Since the PDF encoding is reversible, someone out there must know the algorithm (I don't, but the internet is swarming with people who do!). If you know the algorithm, then you can program it in Fortran.

My Google search even found a 'PDF converter for .NET', which presumably you could link into a .NET FTN95 program, which would save you programming it yourself. (www.winnovative-software.com)

Regards

Eddie

Andrew

Posts: 186 Frankfurt, Germany

Back to Top

15 May 2008 9:20 #3202

You could always write a PDF parser 😃

You would need to make use of binary file reads (see READF@ etc.) but as has been previously stated, you need to know the binary file format (which is around) and is definately a non-trivial task.

WDG

Posts: 14

Back to Top

17 May 2008 12:12 #3210

success one small problem any idea how I can figure what this character is unfortunately I cannot get the character in the post 😮ops:

to describe it I would say it is an unfilled square [img] [/img]

IanLambley

Posts: 501 Sunderland

Back to Top

18 May 2008 9:56 #3211

Hi.

The unfilled square character can be various characters and usually means it is an ASCII control character with a value in the range 0 to 31 decimal, 0 to 1F hex, for which no graphic is defined.

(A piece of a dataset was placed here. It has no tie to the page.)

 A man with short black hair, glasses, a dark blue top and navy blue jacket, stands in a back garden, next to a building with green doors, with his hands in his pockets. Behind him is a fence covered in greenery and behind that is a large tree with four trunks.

If you want to see these then get hold of an editor such as UltraEdit http://www.ultraedit.com/ which has a HEX display mode, or write yourself a Hex-dump program using the OPENF@ and READF@ type of routines available with FTN95 which will allow you to read the CR LF charactres, which editors such as Notepad will interprete but not explicitly show you. You can also open any file as direct access with a record length of 1 and pick out the individual characters in the same way the FTN95 routines can.

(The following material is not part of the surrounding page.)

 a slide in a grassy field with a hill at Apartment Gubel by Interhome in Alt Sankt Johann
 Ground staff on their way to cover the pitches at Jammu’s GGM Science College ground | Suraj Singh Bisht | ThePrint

With regard to the format of a PDF file, or lots of other files, look at http://www.wotsit.org.

For a very limited and more maual method, you can use the text copy tool in Adobe Reader and paste into an editor or Excel, and save that in a suitable text file format, e.g. CSV or tab delimited etc. There is also a 'Save as Text' command in Adobe Acrobat reader, have you tried that?

The code for a dump program hexdump.f95 is:

character*16 line_in
character*80 line_out
integer*1    characters(16)
integer*2 handle, error_code
character*260 file_in
nbytes_at_a_time = 16
ifile_position=0
call command_line(file_in)
if(file_in .ne. ' ')then
  call openr@(file_in, handle, error_code) 
  if(error_code .ne. 0)then
    call doserr@(error_code)
  else
    nbytes_read = 1
    do while(nbytes_read .gt. 0)
      line_in = ' '
      call readf@(line_in, handle, nbytes_at_a_time, nbytes_read, error_code) 
      do i=1,nbytes_read
! get the character code for each input character
        characters(i) = ichar(line_in(i:i))
! translate unprintable characters to a dot for output presentation
        if(characters(i) .lt. 32)line_in(i:i)='.'
      enddo
! print out the data
      line_out = ' '
      write(line_out,1000)ifile_position,(characters(i),i=1,nbytes_read)
 1000 format(z8.8,'h: ',16(z2.2,' '))
      write(line_out(60:),1010)line_in
 1010 format('; ',a)
      if(nbytes_read .gt. 0)print *,trim(line_out)
      ifile_position =ifile_position + nbytes_at_a_time
    enddo
    call closef@(handle,error_code)
  endif
endif
end

Compile: ftn95 hexdump.95/nowindows/link

Typical command line usage is, for screen output: hexdump input_file.nam or output to a file hexdump input_file.nam >hexdump.out

I hope this helps

Regards

Ian

WDG

Posts: 14

Back to Top

18 May 2008 10:41 #3212

Thank you kind sir. I think I have it now. 😄 😄